Eighty-three per cent of global survey respondents believe brands can do more to provide stability (76 per cent in the UK), and 74 per cent globally expect brands to take a stand on important issues.
The research also found that British consumers (67 per cent) are more likely to support brands that combine a great product with a powerful social purpose and activism than in other markets across EMEA (61 per cent), and the rest of the world (54 per cent).
The report provides further evidence that consumers have increasingly high expectations of how brands behave, what values they stand for and authenticity.

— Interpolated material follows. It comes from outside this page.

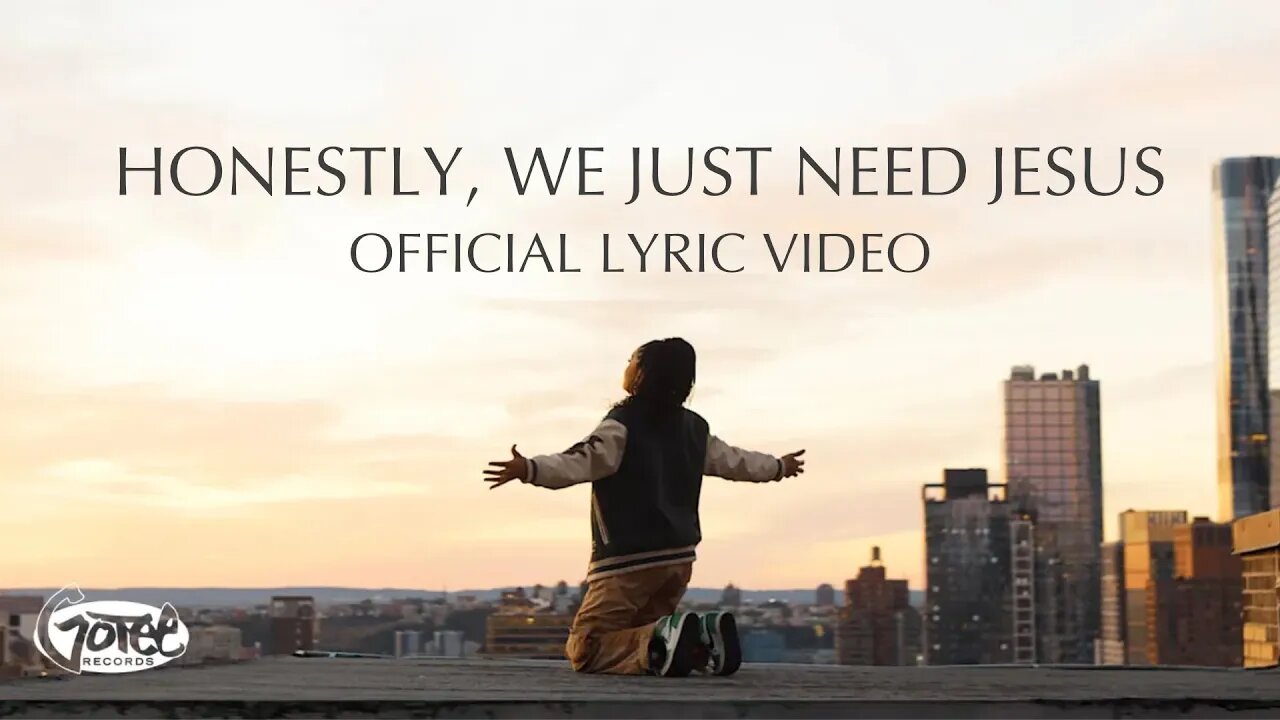 Terrian - Honestly, We Just Need Jesus (Lyric Video)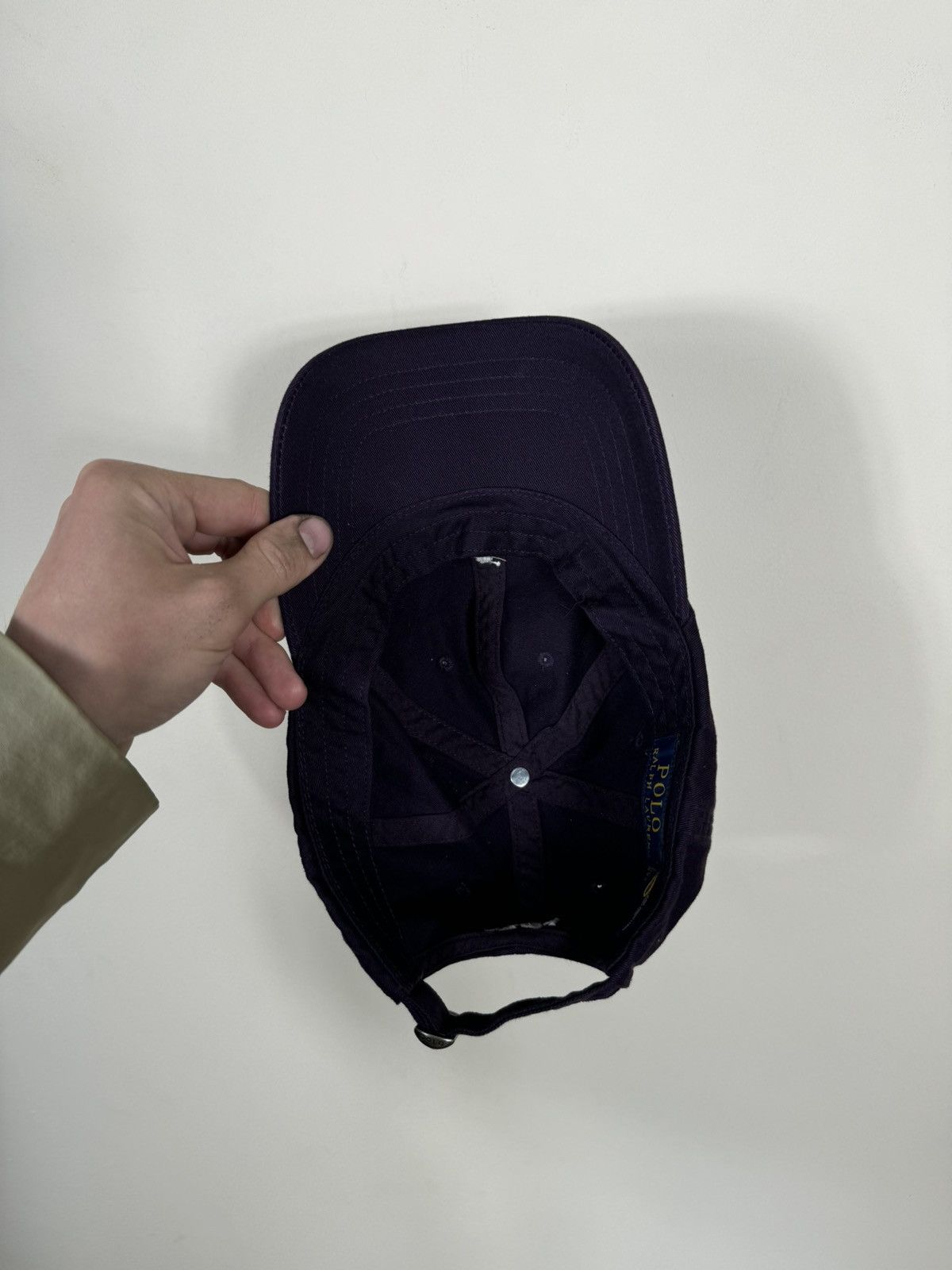 Polo Ralph Lauren × Ralph Lauren Polo Ralph Lauren Classic Cap Size ONE SIZE - 4 Thumbnail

Consumers will punish brands if they don’t act ethically. In 94 per cent of situations surveyed, the majority of respondents said they would shame a brand if they perceive them as stepping out of line, and 92 per cent said they would stop using a product or service, even though the report notes that tech giants, such as Facebook and Google, have managed to weather data breaches and other scandals in recent times.
"Being hard to replace isn’t a get-out-of-jail-free card," says Rebecca Wilson, EVP of Singapore and Australia at WE. "Consumers may forgive you in the short term, but they won’t forget. As soon as a more ethical option comes along, they’ll jump ship."
Consumer views of technology
A ‘consumer uprising’
In the report, WE noted there is a ‘consumer uprising’ and said that although brands have never had this much power to create positive change, they’re far more exposed and disposable than ever.
"Last year we said expectations are higher than ever. You had to balance ethics and innovation and show, not tell, consumers your value," WE Global CEO and Founder Melissa Waggener Zorkin said. "This year, consumers are demanding that you do all that and speak your truth as a brand at the same time. They expect authenticity – if you want to tell a story, your brand has to live it first.
Zorkin said that brands face a "high-stakes environment" of "insatiable expectations, a push for accountability from all sides, and a consumer audience that has unprecedented levels of customisation, knowledge and choice at their fingertips".
"To survive and thrive, brands must adopt a higher level of consciousness about how they operate in the world, demonstrating authenticity, and connecting with their customers in meaningful, respectful ways," she added.
This year’s Brands in Motion study took a deeper dive into consumer expectations of how brands use technology.
Nearly all respondents (97 per cent in the UK) believe that companies are responsible for using technology ethically, and if they fell short of ethical standards, 93 per cent would stop using a product or service.